◆ **Data for processing**
= = = = = = =

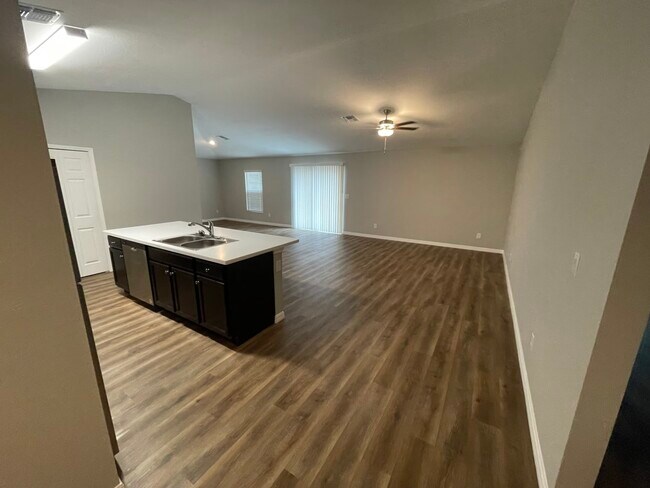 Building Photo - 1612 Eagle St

= = = = = = =

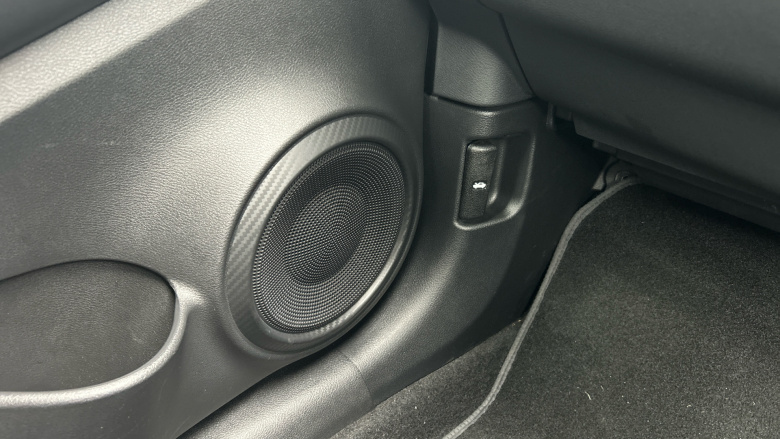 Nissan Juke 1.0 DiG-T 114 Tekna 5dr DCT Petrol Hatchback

= = = = = = =

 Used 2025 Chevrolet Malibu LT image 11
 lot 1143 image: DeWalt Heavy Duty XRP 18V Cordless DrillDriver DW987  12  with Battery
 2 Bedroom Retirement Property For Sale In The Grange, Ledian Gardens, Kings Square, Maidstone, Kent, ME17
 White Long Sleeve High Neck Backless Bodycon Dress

= = = = = = =

◆ **Exercise brief**
The lines above from the one with "lot 1143 image: DeWalt" through the one with "White Long Sleeve" are to be duplicated exactly, ends included, with nothing added.

◆ **Your solution**
 lot 1143 image: DeWalt Heavy Duty XRP 18V Cordless DrillDriver DW987  12  with Battery
 2 Bedroom Retirement Property For Sale In The Grange, Ledian Gardens, Kings Square, Maidstone, Kent, ME17
 White Long Sleeve High Neck Backless Bodycon Dress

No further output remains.